Viewer centered recognition methods can be considered as early attempts for the recognition of 3D objects. The idea of storing only a limited number of views of 3D objects and then applying transformations to find correspondence with other views already appear for example in [Basri] where novel views are generated by the linear combination of stored ones. Rigid objects with smooth surfaces and articulated objects could also be represented this way.
Recently used multilayer deep learning recognition approaches discover intricate structure in large data sets by using the back propagation algorithm to indicate how a machine should change its internal parameters that are used to compute the representation in each layer from the representation of the previous layer. While there are such successful techniques for object recognition in large databases [Szegedy], [Krizhevsky], these techniques require tremendous performance regarding processing power and memory.
Handheld 3D object recognition is a difficult task due to changing viewpoints, varying 3D to 2D projections, possible different noises (e.g. motion blur, color distortion), and the limited computational performance and memory. Local feature descriptors (like SIFT, FAST, etc) are often used for view centred recognition. In [Noor] the underlying topological structure of an image dataset was generated as a neighborhood graph of features. Motion continuity in the query video was exploited to demonstrate that the results obtained using a video sequence are much robust than using a single image.

PROPOSED APPROACH
It is obvious that video gives much more information about 3D objects than simply 2D projections. Not only the different views of the objects can be recorded but the 3D structure can be reconstructed by structure from motion techniques. However, these later approaches require good quality images and camera calibration with relatively large computational power still far from most of the mobile computing platforms and intelligent sensor motes. Luckily mobile computing devices often contain inertial measurements units (IMUs) and the calibration of cameras can be combined with IMUs [Hol]. However, it is still an open question how to exploit the IMUs in video recognition without going through the structure from motion processing methodology. Our research is focused on a viewer centered recognition model where the relative position of the target object and the camera is utilized. Our preliminary experiments already showed [Czuni] that IMUs can help in the recognition process with low computational demands. However, fast object tracking and/or segmentation still can be a problem in this framework being also a subject for research. Most object recognition are “passive” from the model side. We propose to build up model-driven interactive retrieval methods where the search engine gives hint how to move the camera around the object to get the fastest and most reliable recognition result.

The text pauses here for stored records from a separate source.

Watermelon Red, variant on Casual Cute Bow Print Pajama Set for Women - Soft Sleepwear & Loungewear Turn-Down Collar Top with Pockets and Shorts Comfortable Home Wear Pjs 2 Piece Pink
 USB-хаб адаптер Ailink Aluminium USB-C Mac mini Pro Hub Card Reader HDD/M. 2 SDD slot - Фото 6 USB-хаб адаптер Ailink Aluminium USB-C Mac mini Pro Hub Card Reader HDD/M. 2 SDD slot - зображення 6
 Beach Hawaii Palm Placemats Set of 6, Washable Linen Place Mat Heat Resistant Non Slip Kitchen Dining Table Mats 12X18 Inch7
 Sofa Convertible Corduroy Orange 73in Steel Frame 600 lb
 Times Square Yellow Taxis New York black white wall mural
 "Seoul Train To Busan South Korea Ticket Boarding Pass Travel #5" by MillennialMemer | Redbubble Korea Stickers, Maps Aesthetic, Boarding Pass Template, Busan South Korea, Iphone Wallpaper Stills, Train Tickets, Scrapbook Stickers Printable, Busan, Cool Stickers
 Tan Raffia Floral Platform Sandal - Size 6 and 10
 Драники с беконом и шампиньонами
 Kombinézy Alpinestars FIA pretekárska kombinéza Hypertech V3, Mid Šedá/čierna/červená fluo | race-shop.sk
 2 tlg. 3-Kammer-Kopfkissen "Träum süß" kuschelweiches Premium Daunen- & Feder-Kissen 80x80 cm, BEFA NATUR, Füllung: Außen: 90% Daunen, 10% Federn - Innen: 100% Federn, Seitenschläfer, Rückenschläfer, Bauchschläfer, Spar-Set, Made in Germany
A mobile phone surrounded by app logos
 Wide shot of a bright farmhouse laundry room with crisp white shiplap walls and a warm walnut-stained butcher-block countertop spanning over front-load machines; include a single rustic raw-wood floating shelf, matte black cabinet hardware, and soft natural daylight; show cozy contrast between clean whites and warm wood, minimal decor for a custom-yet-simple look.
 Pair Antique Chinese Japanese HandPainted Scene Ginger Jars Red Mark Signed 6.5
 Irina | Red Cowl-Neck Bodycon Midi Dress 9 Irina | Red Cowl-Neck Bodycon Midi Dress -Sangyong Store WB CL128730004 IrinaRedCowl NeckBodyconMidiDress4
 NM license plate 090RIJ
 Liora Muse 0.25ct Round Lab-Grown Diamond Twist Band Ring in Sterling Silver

H. H. Bülthoff and S. Edelman, “Psychophysical support for a two-dimensional view interpolation theory of object recognition,” Proceedings of the National Academy of Sciences, vol. 89, no. 1, pp. 60–64, 1992.
F. Fang and S. He, “Viewer-centered object representation in the human visual system revealed by viewpoint aftereffects,” Neuron, vol. 45, no. 5, pp. 793–800, 2005.
R. Basri, “Viewer-centered representations in object recognition: A computational approach,” in Handbook of pattern recognition & computer vision. World Scientiﬁc Publishing Co., Inc., 1993, pp. 863–882.
C. Szegedy, W. Liu, Y. Jia, P. Sermanet, S. Reed, D. Anguelov, D. Erhan, V. Vanhoucke, and A. Rabinovich, “Going deeper with convolutions,” in CVPR 2015, 2015. [Online]. Available: http://arxiv.org/abs/1409.4842
A. Krizhevsky, I. Sutskever, and G. E. Hinton, “Imagenet classiﬁcation with deep convolutional neural networks,” in Advances in Neural Information Processing Systems 25, P. Bartlett, F. Pereira, C. Burges, L. Bottou, and K. Weinberger, Eds., 2012, pp. 1106–1114. [Online]. Available: http://books.nips.cc/papers/ﬁles/nips25/NIPS2012 0534.pdf [21]
H. Noor, S. H. Mirza, Y. Sheikh, A. Jain, and M. Shah, “Model generation for video-based object recognition,” in Proceedings of the 14th ACM International Conference on Multimedia, ser. MM ’06. New York, NY, USA: ACM, 2006, pp. 715–718. [Online]. Available: http://doi.acm.org/10.1145/1180639.1180791
J. D. Hol, T. B. Sch¨on, and F. Gustafsson, “A new algorithm for calibrating a combined camera and imu sensor unit,” in Control, Automation, Robotics and Vision, 2008. ICARCV 2008. 10th International Conference on. IEEE, 2008, pp. 1857–1862.
L. Czuni and M. Rashad, “Lightweight video object recognition based on sensor fusion,” in Computational Intelligence for Multimedia Understanding (IWCIM), 2015 International Workshop on, Oct 2015, pp. 1–5

Number of students who can be accepted: 1

Deadline for application: 2016-11-15